The large value of charged multiplicity dNch/dη = 1584 observed by ALICE in the 5% most central collisions, and the large value of elliptic flow they report in minimum bias collisions both suggest that the demise of the strong coupling paradigm at the LHC have been greatly exaggerated. I attribute this in part to “the tyranny of asymptotic freedom”, that is, the beauty of the running coupling constant in QCD has led to some wishful thinking about how fast a logarithmic term can vary. There is also the enormous appeal and simplicity of the “classical QGP” described as a nearly free, massless Boltzmann gas. But the data from RHIC, and now these first ever so exciting results from LHC, have taught us that there is also a wealth of fundamental physics and new phenomena in the strongly-coupled regime that is so much more interesting than a non-interacting gas!

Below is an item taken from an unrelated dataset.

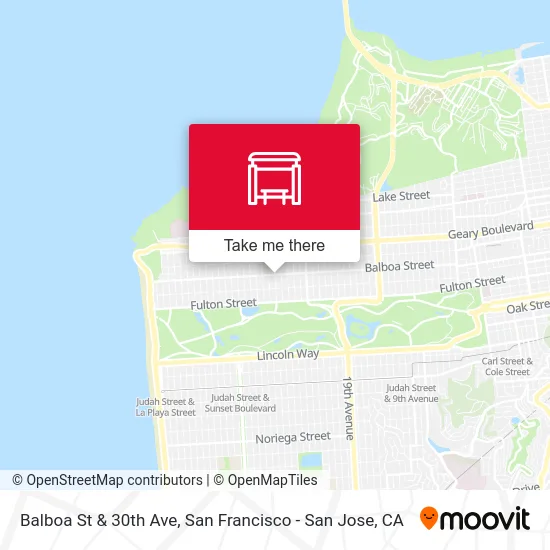 Balboa St & 30th Ave map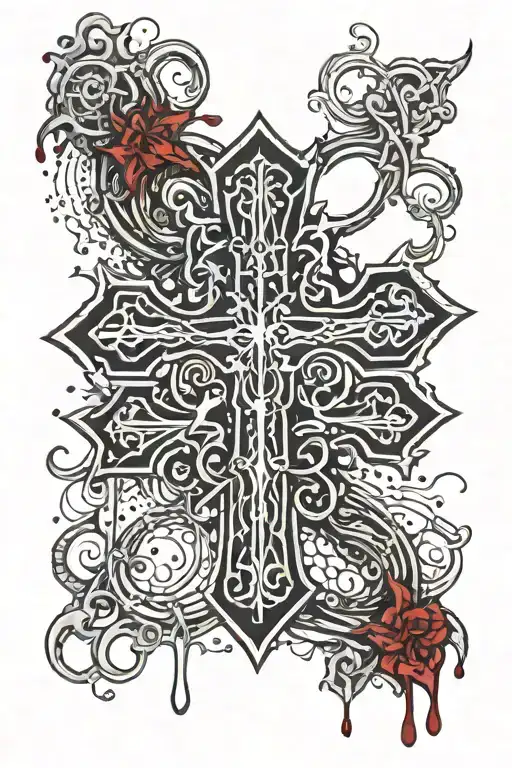 symmetrical cross in cybersiglism style with blood dripping out  tattoo design idea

At the same time there has indeed been a demise, in fact several, in this case of the various predictions of (mostly) lower multiplicity densities than the value of ~1600 reported by ALICE. I was one of those who would have guessed the lower values of 1200-1300, but since that was only a guess, the surprise for me was a pleasant one. Ironically, earlier on the day this value was announced in Andrea Dainese’s talk at the LHCC , I had read with great interest this paper Hadron production at the LHC: Any indication of new phenomena by Levin and Rezaeian , describing in a very accessible fashion their predictions for LHC multiplicities based on saturation physics. There is also a nice discussion of the extensions incorporated in their approach over the KLN model, so it is more than a little puzzling that the simpler KLN model (at least in one of its various instantiations) better describes the Pb+Pb data at the LHC.
(See also Berndt Mueller’s post for a more quantitative discussion of what we learn from the first two ALICE papers on Pb+Pb collisions at the LHC.)
(*) The title of this post is drawn from one of the loveliest songs in the American jazz idiom.